▸ **COLLECTED MATERIAL**:
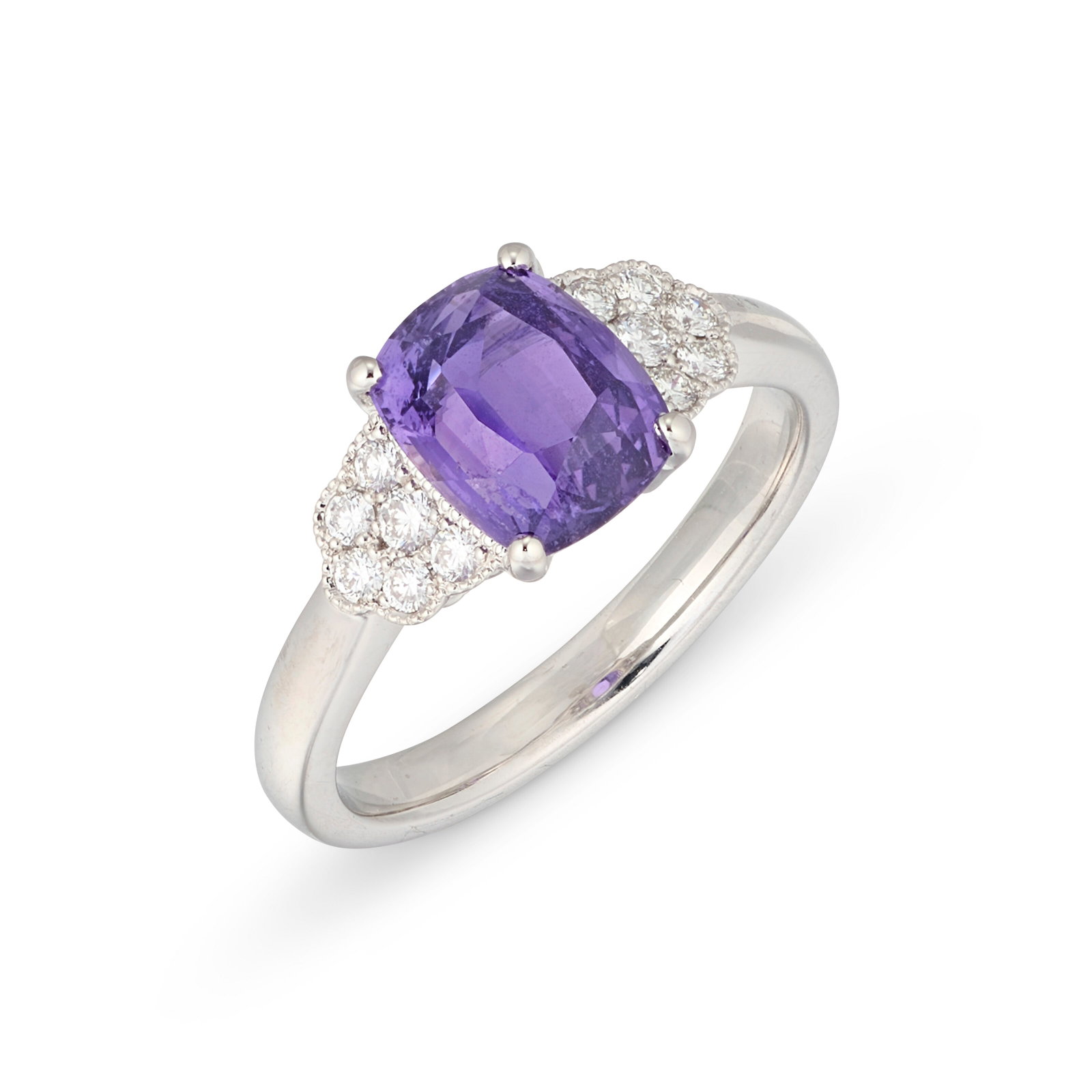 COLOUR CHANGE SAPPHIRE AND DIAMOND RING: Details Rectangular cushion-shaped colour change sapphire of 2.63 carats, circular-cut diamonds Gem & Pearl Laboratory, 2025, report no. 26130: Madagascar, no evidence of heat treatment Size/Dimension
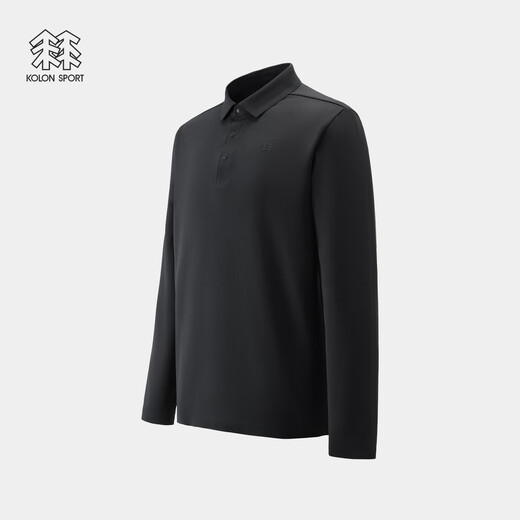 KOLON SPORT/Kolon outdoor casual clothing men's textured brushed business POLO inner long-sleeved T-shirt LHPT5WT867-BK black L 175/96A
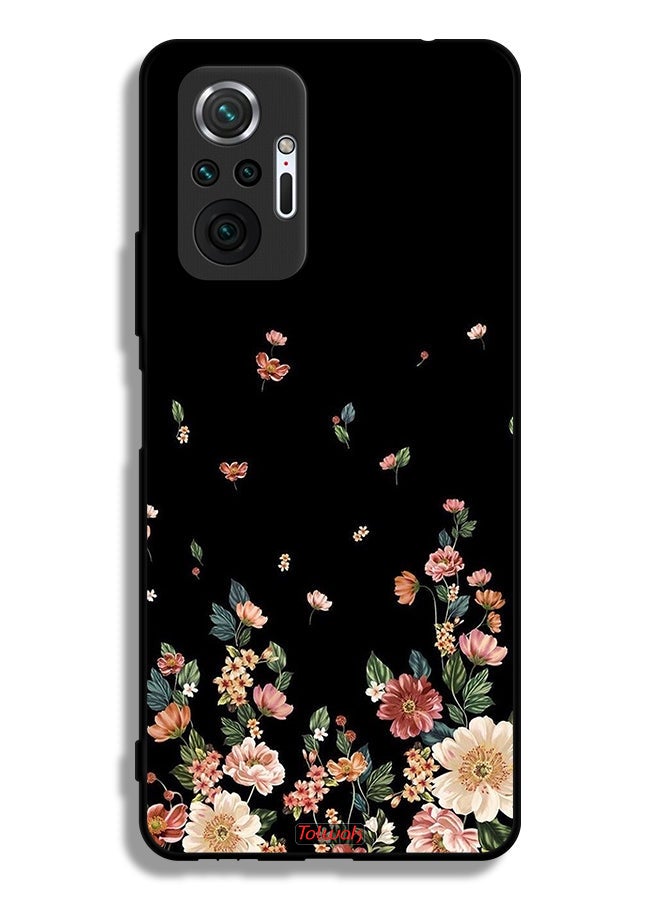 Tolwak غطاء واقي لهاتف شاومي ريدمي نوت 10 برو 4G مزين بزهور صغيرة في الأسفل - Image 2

▸ **ABOUT THIS TASK**:
Print all of the data exactly, and do not carry over any pictures.

▸ **EXERCISE SOLUTION**:
 COLOUR CHANGE SAPPHIRE AND DIAMOND RING: Details Rectangular cushion-shaped colour change sapphire of 2.63 carats, circular-cut diamonds Gem & Pearl Laboratory, 2025, report no. 26130: Madagascar, no evidence of heat treatment Size/Dimension
 KOLON SPORT/Kolon outdoor casual clothing men's textured brushed business POLO inner long-sleeved T-shirt LHPT5WT867-BK black L 175/96A
 Tolwak غطاء واقي لهاتف شاومي ريدمي نوت 10 برو 4G مزين بزهور صغيرة في الأسفل - Image 2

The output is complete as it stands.